Images aside, return all the entries exactly.

Captioned web image data
——————————

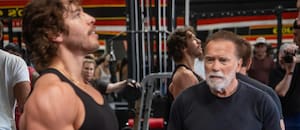 Arnold Schwarzenegger entrena a su hijo Joseph Baena para su primera competición de culturismo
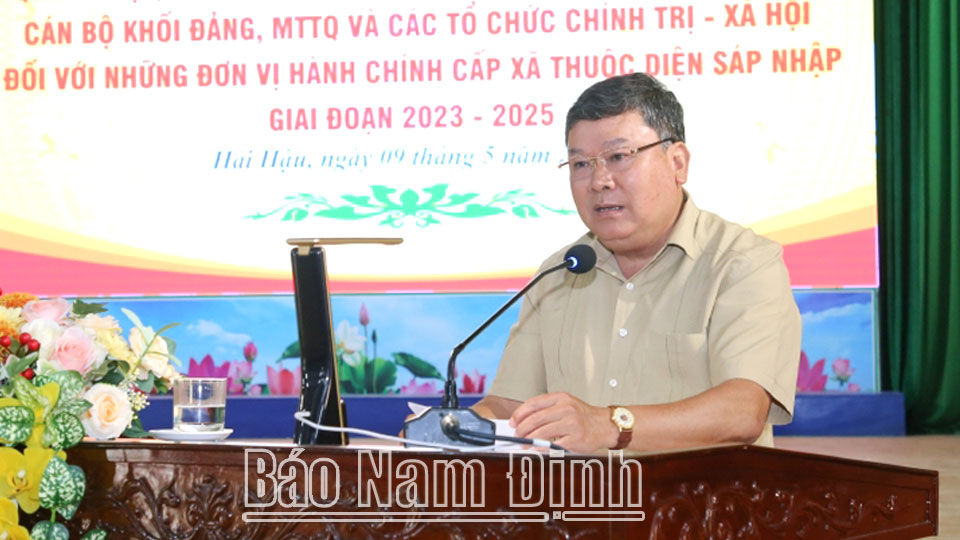 Đồng chí Trần Minh Hải, TUV, Bí thư Huyện ủy, Chủ tịch HĐND huyện Hải Hậu phát biểu tại hội nghị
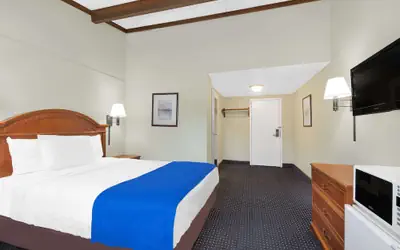 Travelodge by Wyndham Lima OH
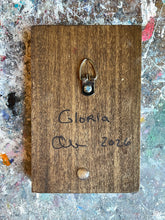 Load image into Gallery viewer, Gloria
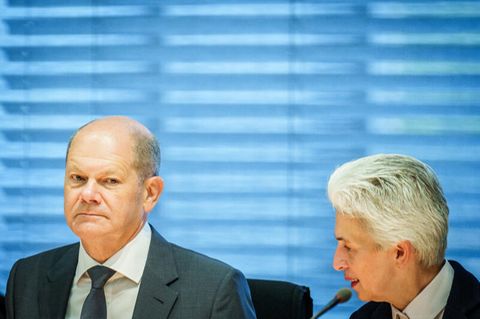 Bundeskanzler Olaf Scholz (SPD) zu Gast im Verteidigungsausschuss
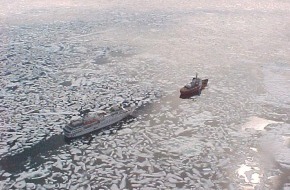 Hapag-Lloyd Cruises: Hapag-Lloyd Kreuzfahrten meldet erfolgreichen Abschluss der
Arktis-Saison 2002: MS HANSEATIC bezwingt Nordwest-Passage, MS BREMEN
umrundet Spitzbergen.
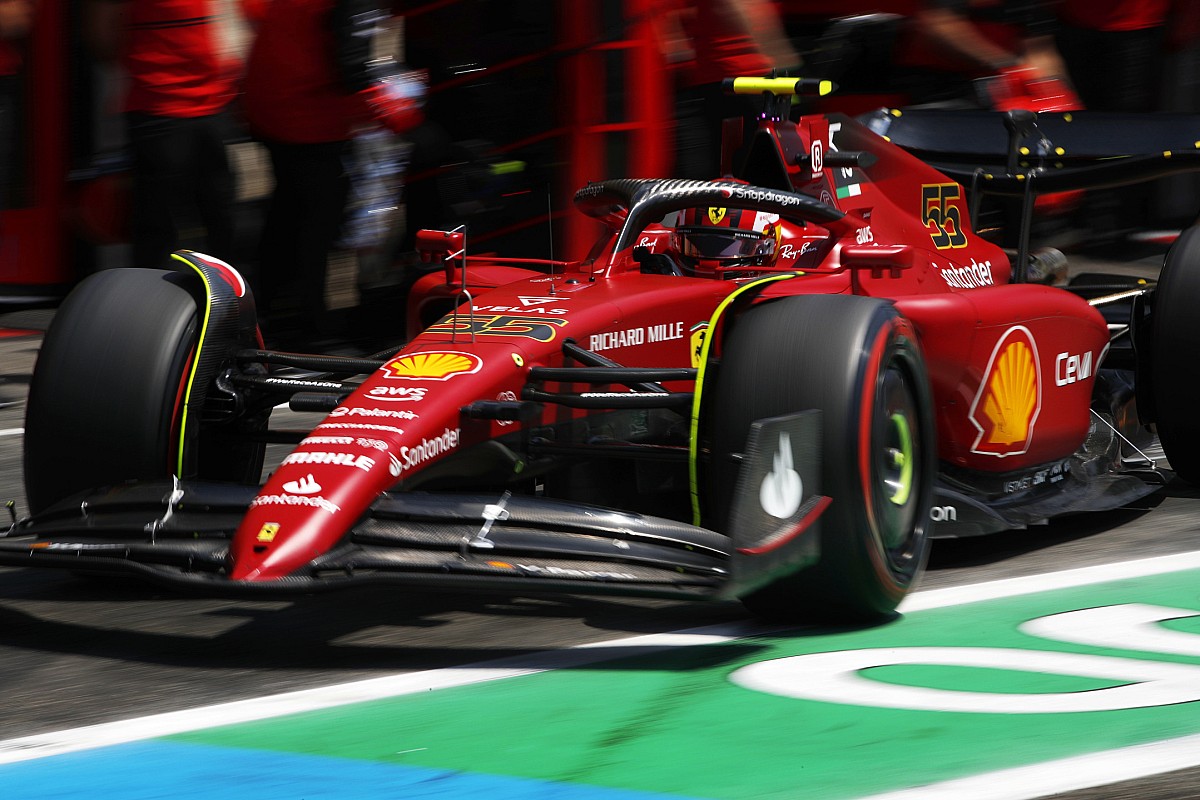 Sainz thinks criticism of Ferrari's F1 strategy is unfair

——————————

Response to this exercise:
 Arnold Schwarzenegger entrena a su hijo Joseph Baena para su primera competición de culturismo
 Đồng chí Trần Minh Hải, TUV, Bí thư Huyện ủy, Chủ tịch HĐND huyện Hải Hậu phát biểu tại hội nghị
 Travelodge by Wyndham Lima OH
 Load image into Gallery viewer, Gloria
 Bundeskanzler Olaf Scholz (SPD) zu Gast im Verteidigungsausschuss
 Hapag-Lloyd Cruises: Hapag-Lloyd Kreuzfahrten meldet erfolgreichen Abschluss der
Arktis-Saison 2002: MS HANSEATIC bezwingt Nordwest-Passage, MS BREMEN
umrundet Spitzbergen.
 Sainz thinks criticism of Ferrari's F1 strategy is unfair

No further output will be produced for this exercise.